SOURCE MATERIAL:
---+---
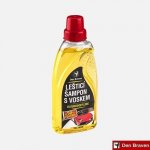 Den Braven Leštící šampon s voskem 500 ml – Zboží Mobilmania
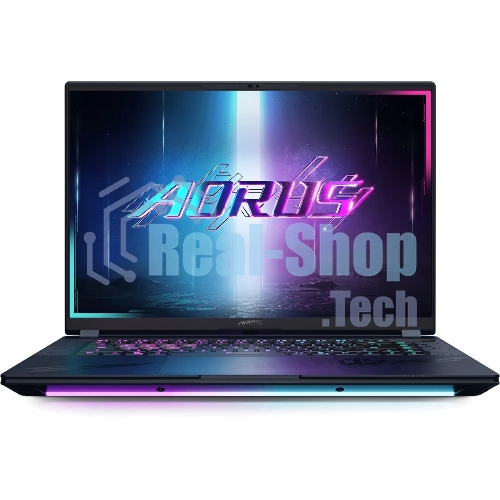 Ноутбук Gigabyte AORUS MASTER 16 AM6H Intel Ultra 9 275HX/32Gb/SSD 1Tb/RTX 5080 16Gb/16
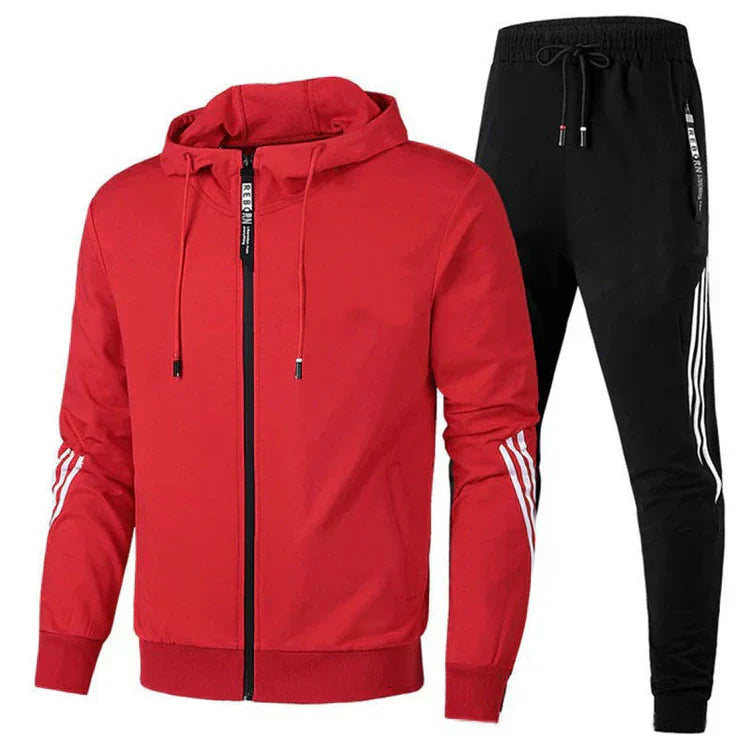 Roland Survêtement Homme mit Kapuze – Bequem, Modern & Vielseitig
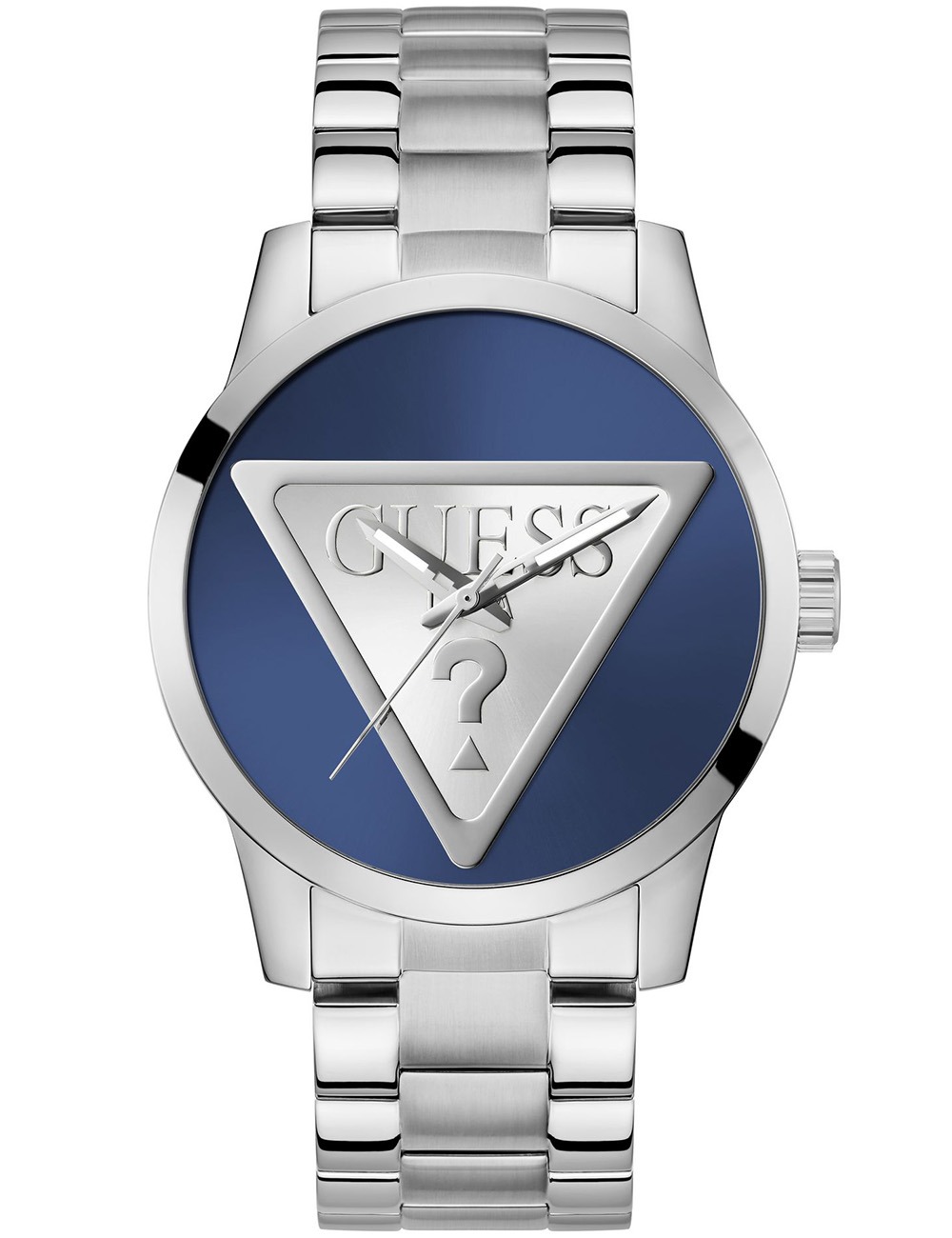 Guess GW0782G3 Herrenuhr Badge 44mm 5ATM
---+---
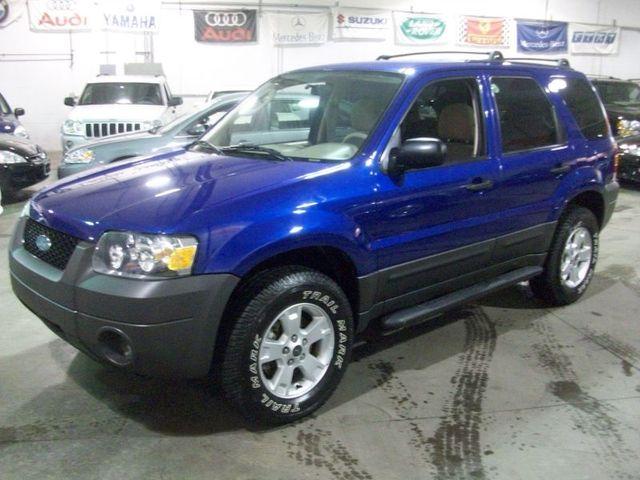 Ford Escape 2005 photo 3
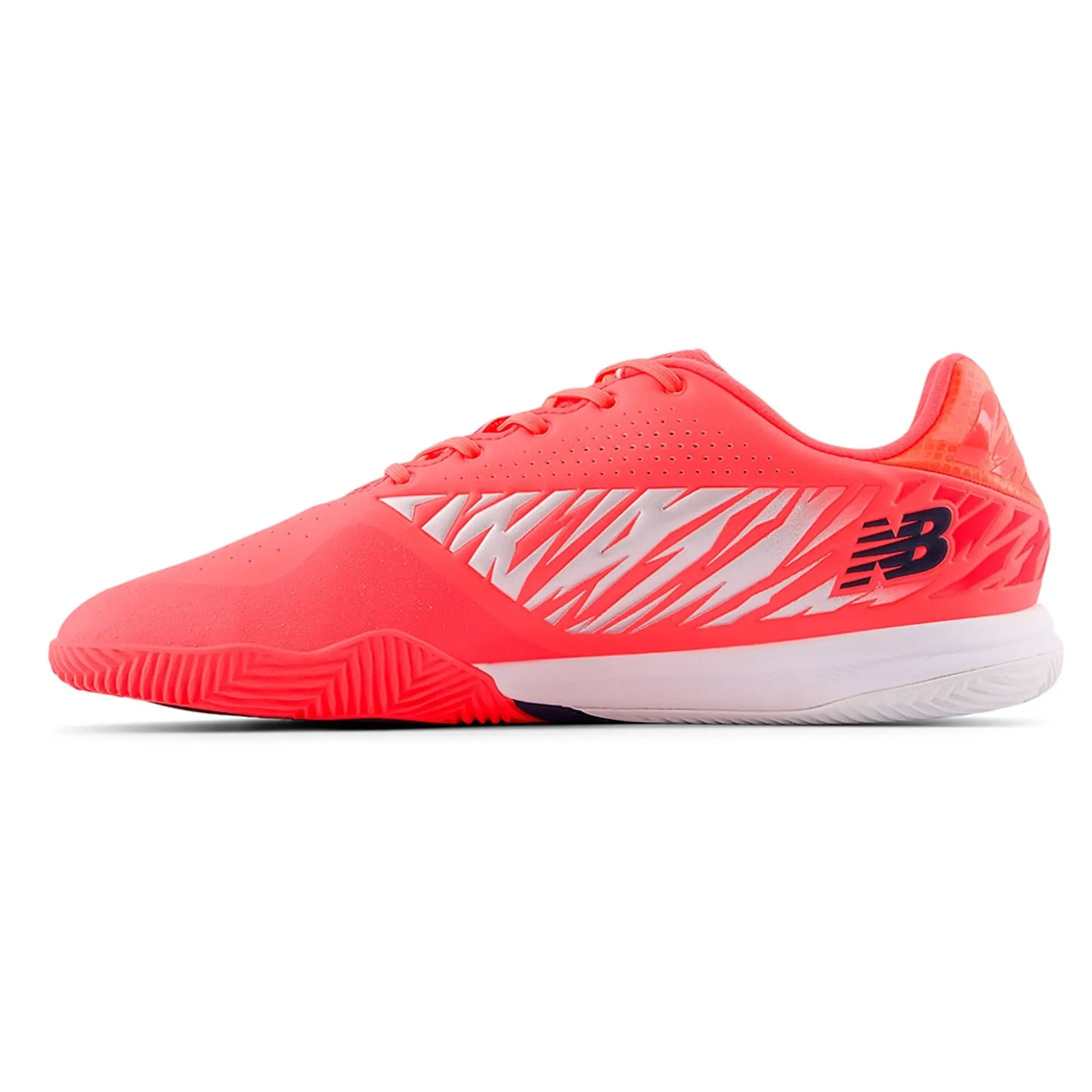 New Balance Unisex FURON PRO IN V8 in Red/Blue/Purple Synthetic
---+---
YOUR TASK: Starting at the line containing "Den Braven Leštící" and finishing at the line containing "Guess GW0782G3 Herrenuhr Badge 44mm 5ATM", return those lines exactly as they appear above, without the pictures.

RESPONSE TO THE TASK:
 Den Braven Leštící šampon s voskem 500 ml – Zboží Mobilmania
 Ноутбук Gigabyte AORUS MASTER 16 AM6H Intel Ultra 9 275HX/32Gb/SSD 1Tb/RTX 5080 16Gb/16
 Roland Survêtement Homme mit Kapuze – Bequem, Modern & Vielseitig
 Guess GW0782G3 Herrenuhr Badge 44mm 5ATM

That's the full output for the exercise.